Bergeson et al performed a study using cadaveric thoracic spine sections to evaluate the errors made when novice resident surgeons place thoracic pedicle screws and also to determine how many specimens need to be instrumented to assure an improvement in accuracy.10 A total of 297 pedicles were instrumented in 149 vertebrae. There was an overall technical error rate of 29%; 26% of these errors were critical (defined as a cortical breach of >2mm). The technical error rate decreased with the number of times the residents performed the procedure and with seniority of the resident. The authors of this study employed robust study methods, including direct observation and measurement, but it was compromised by small numbers (three candidates), no control group and no assessment of transfer of skills to the operating theatre.

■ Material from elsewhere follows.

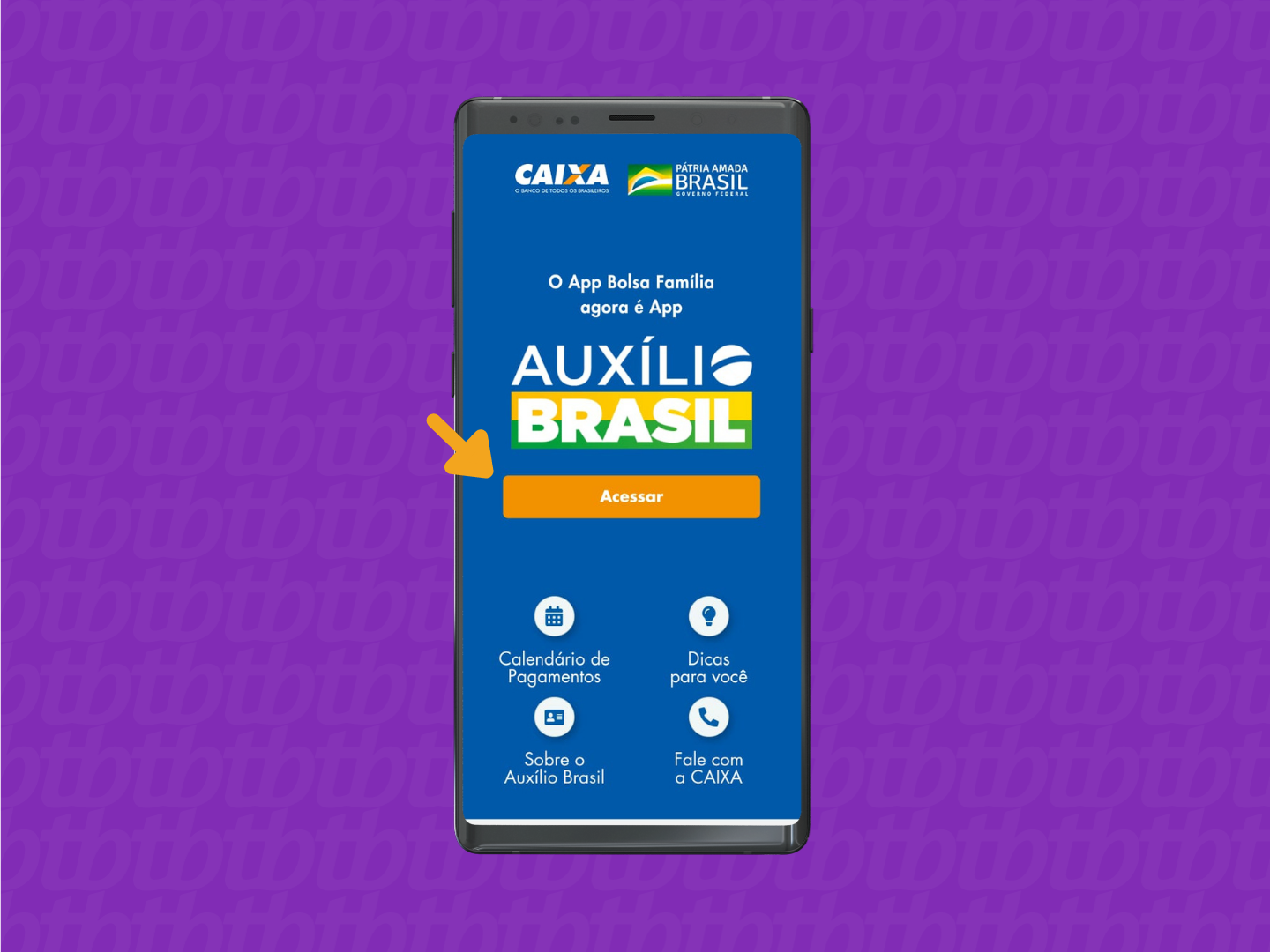 Tela de acesso ao aplicativo Auxílio Brasil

Rowland and Kleinert evaluated a cadaveric workshop for endoscopic carpal tunnel release.11 Twelve fellows in hand surgery were given individualised instruction in the technique and then performed the surgery on cadavers. A surgeon who had not performed the procedure then dissected the specimen and assessed the adequacy of the carpal tunnel release and the number of operative errors. An incomplete release of the carpal tunnel was found in 9 of the 24 specimens and there were 4 complications. The numbers are too small to make any assessment of whether repetition of the procedure improved the completion rate and reduced the error rate. This study does, however, highlight the difficulties in using an endoscopic technique and also makes a case for practising this particular technique in the workshop before attempting it on a live patient.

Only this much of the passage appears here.